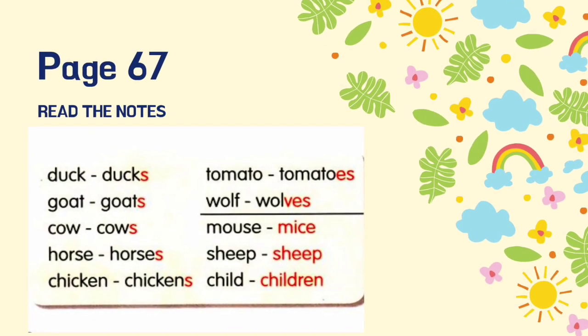Let's read the notes. Duck, ducks. Goat, goats. Cow, cows. Horse, horses. Chicken, chickens. Tomato, tomatoes. Wolf, wolves. Mouse, mice. Sheep, sheep. Child, children.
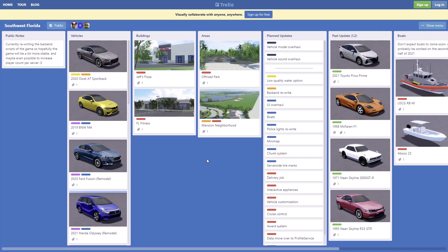Hello everyone, welcome back. In this video we are checking out Southwest Florida's future updates. They did add quite a few new vehicles and quite a few new remodels.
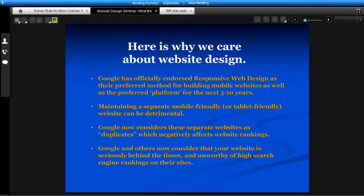Here's why we actually care about this specific kind of design — responsive web design, often called RWD for short. Google has officially endorsed responsive web design as their preferred method for building mobile-friendly websites. It's been specifically stated by Google that it is their preferred platform for the next 5 to 10 years. Meanwhile, maintaining a separate mobile-friendly or tablet-friendly website can now be detrimental. A year ago, when responsive web design was first announced — late summer into early fall of last year — you would create a separate website called a .mobile or mobile website.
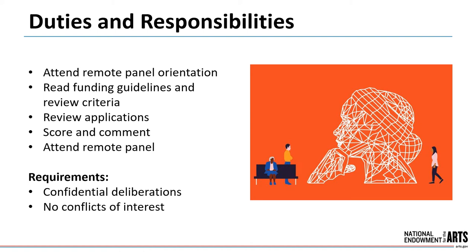We require that all panel deliberations are confidential. Panels must also be free of conflicts of interest. You'll provide information about your affiliations to ensure that you won't review applications with which you might be conflicted.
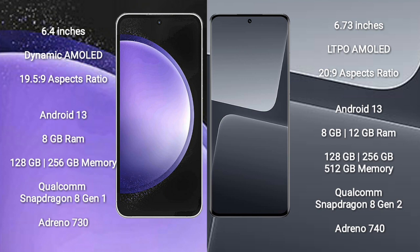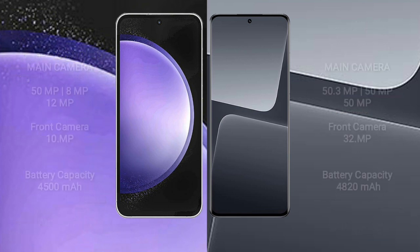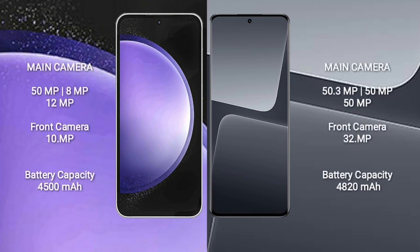Xiaomi 13 Pro comes with 8GB or 12GB RAM and 128GB, 256GB, or 512GB internal storage, powered by a Qualcomm Snapdragon 8 Gen 2 processor with an Adreno 740 GPU. Samsung Galaxy S23 FE features a triple camera setup.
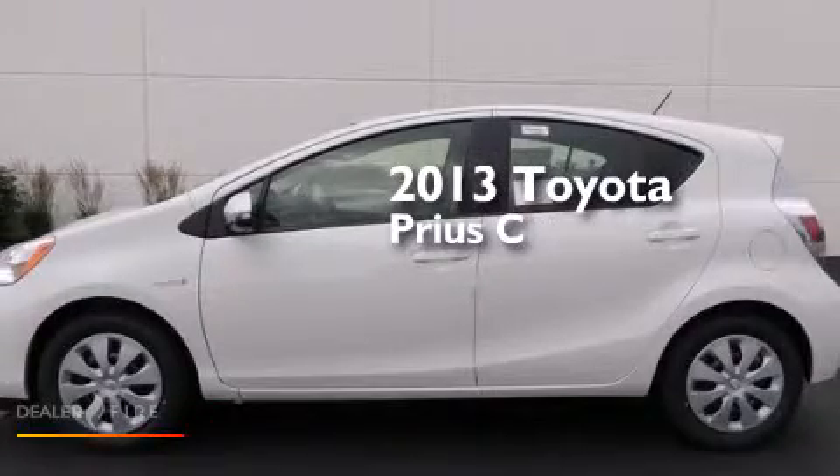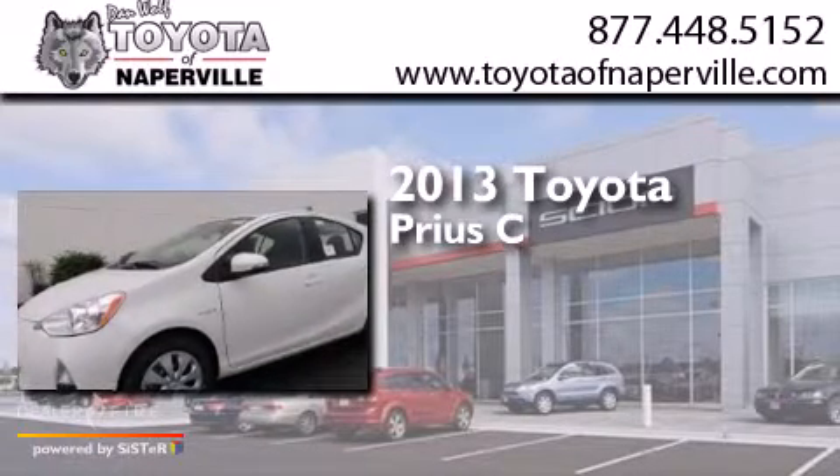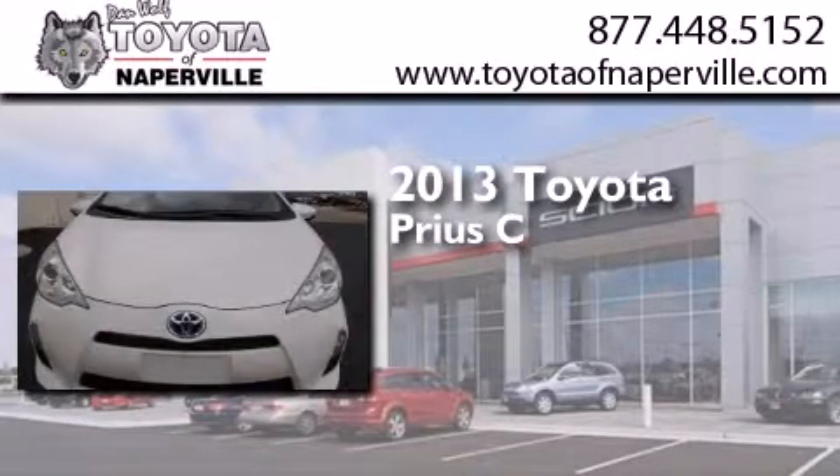This is a brand-new 2013 Toyota Prius C. It has a 1.5-liter, four-cylinder engine and a continuous variable transmission.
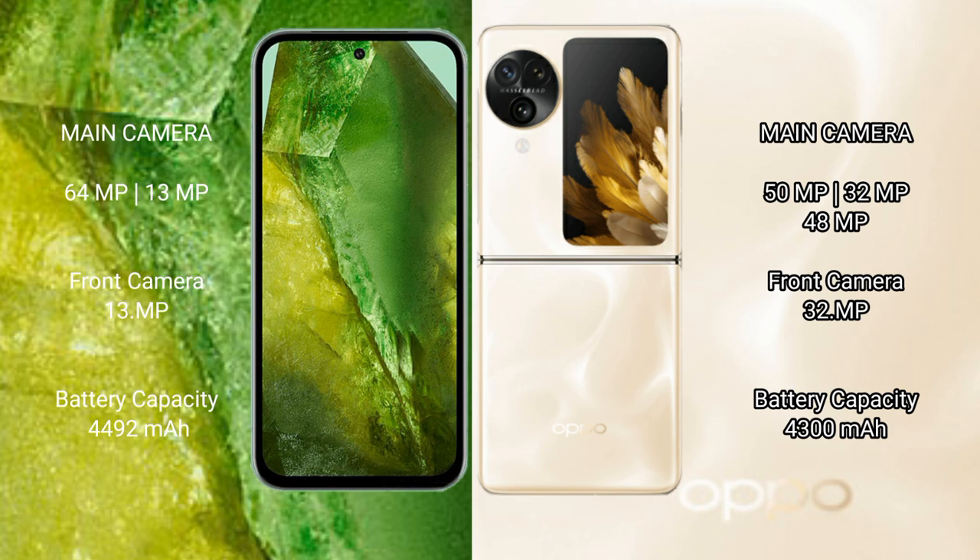Google Pixel 8a has a 4492mAh battery with 30-watt fast charging support. OPPO Find N3 Flip has a 4300mAh battery with 44-watt fast charging support.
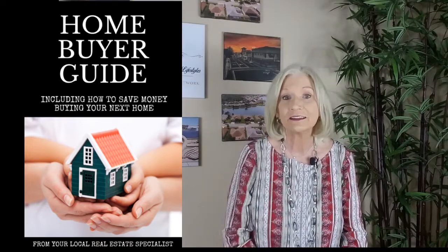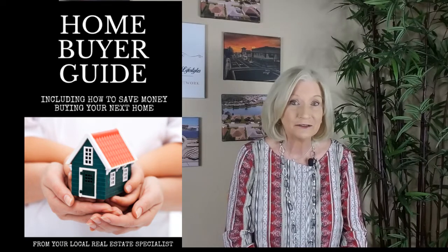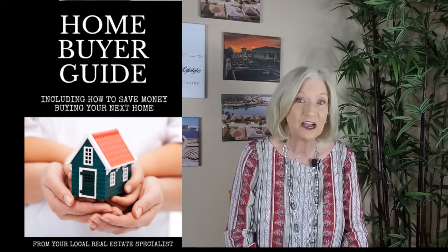Before I forget — below in the description you're going to find a link to my new 2020 buyers guide. In it you're going to find loads of information and money-saving tips to get you through the entire buying process. So check it out!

•••••

Within the listing above, copy exactly the lines that start at the one with "This is a brand-new" and continue through the one with "Google Pixel 8a". Omit pictures.

SOLUTION BELOW
This is a brand-new 2013 Toyota Prius C. It has a 1.5-liter, four-cylinder engine and a continuous variable transmission.
Google Pixel 8a has a 4492mAh battery with 30-watt fast charging support. OPPO Find N3 Flip has a 4300mAh battery with 44-watt fast charging support.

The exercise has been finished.